■ **Your assignment**
Repeat the data exactly. Pictures are not part of the copy.

Image-text web data:
* * * *

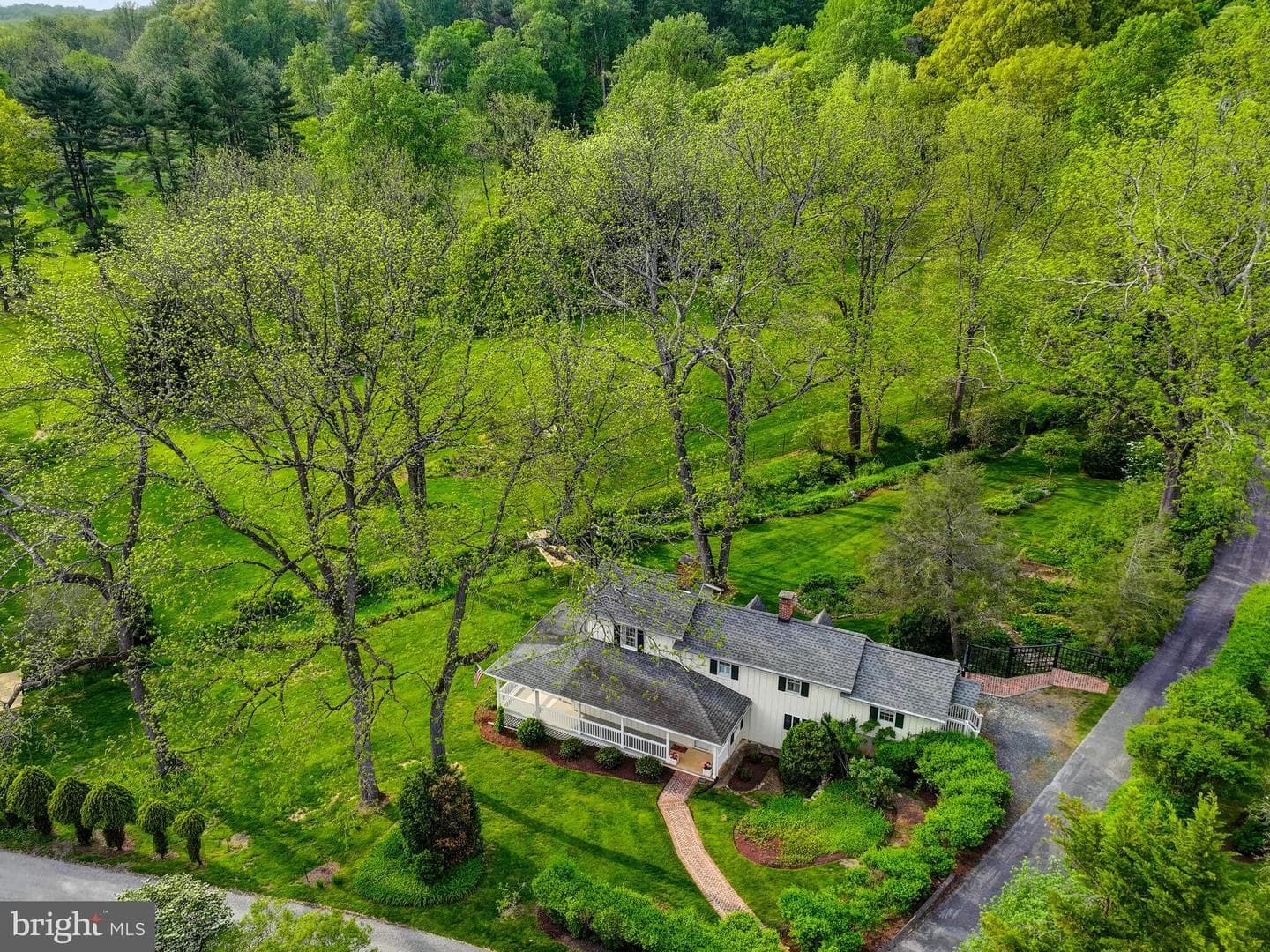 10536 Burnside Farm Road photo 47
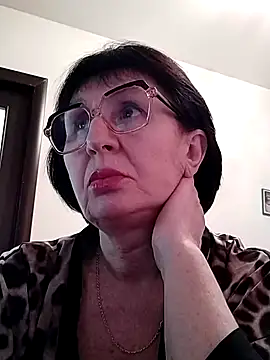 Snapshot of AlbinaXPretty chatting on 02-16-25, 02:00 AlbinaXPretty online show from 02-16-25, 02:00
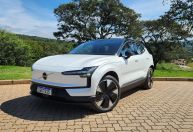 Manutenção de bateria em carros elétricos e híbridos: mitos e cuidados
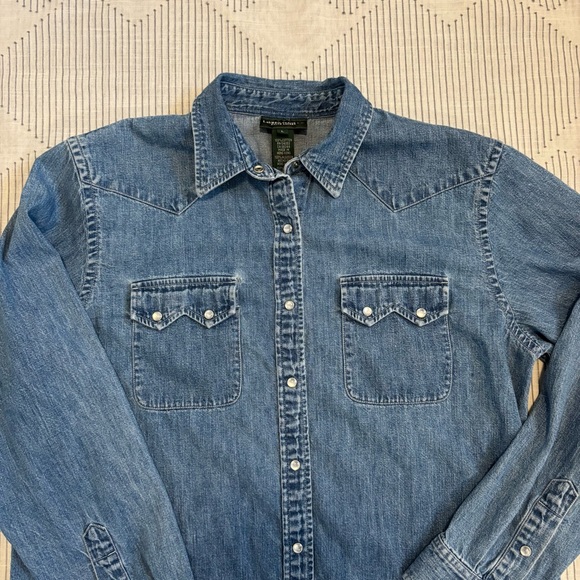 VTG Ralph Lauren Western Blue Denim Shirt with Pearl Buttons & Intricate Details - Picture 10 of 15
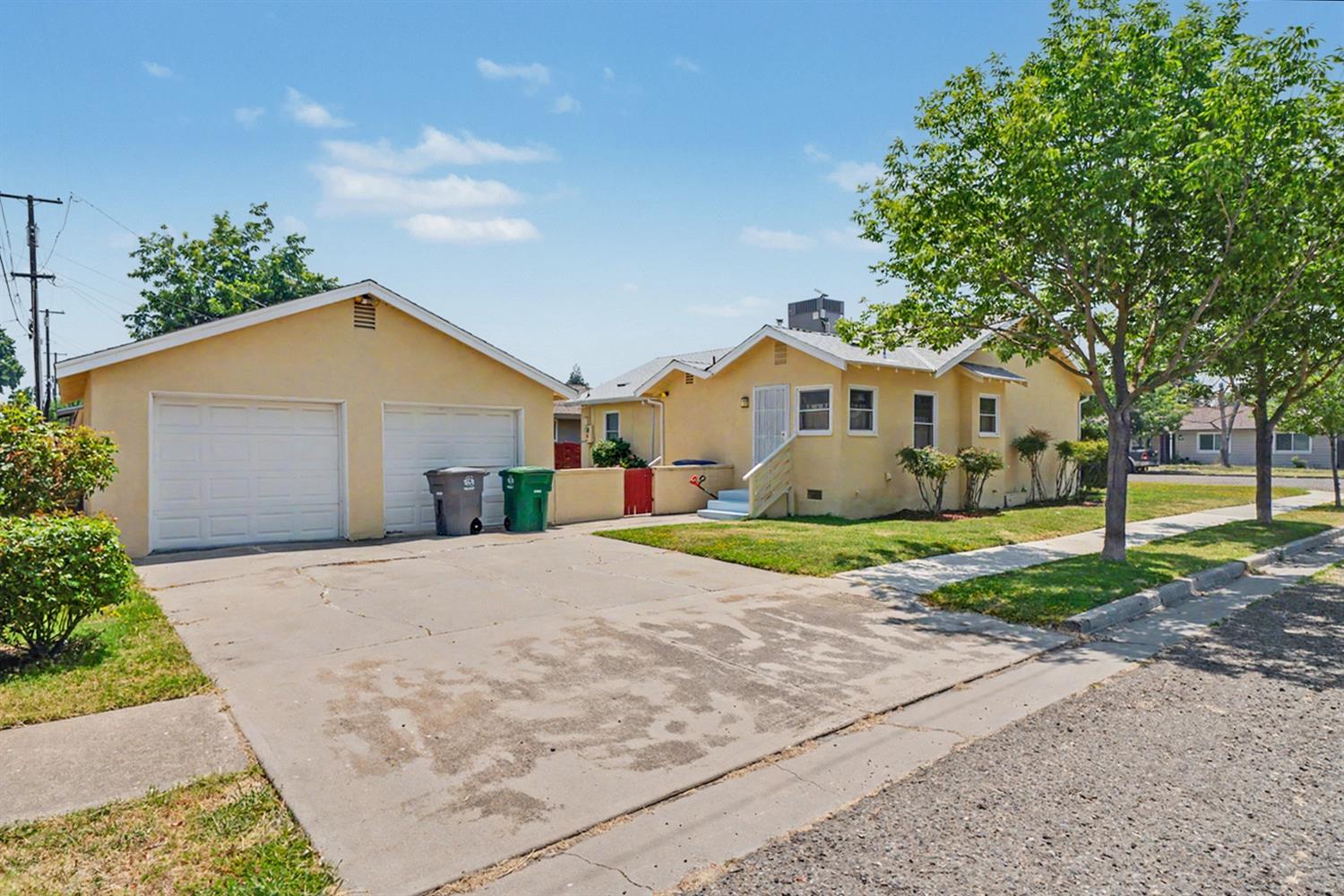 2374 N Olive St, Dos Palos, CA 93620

* * * *

■ **Exercise response**
 10536 Burnside Farm Road photo 47
 Snapshot of AlbinaXPretty chatting on 02-16-25, 02:00 AlbinaXPretty online show from 02-16-25, 02:00
 Manutenção de bateria em carros elétricos e híbridos: mitos e cuidados
 VTG Ralph Lauren Western Blue Denim Shirt with Pearl Buttons & Intricate Details - Picture 10 of 15
 2374 N Olive St, Dos Palos, CA 93620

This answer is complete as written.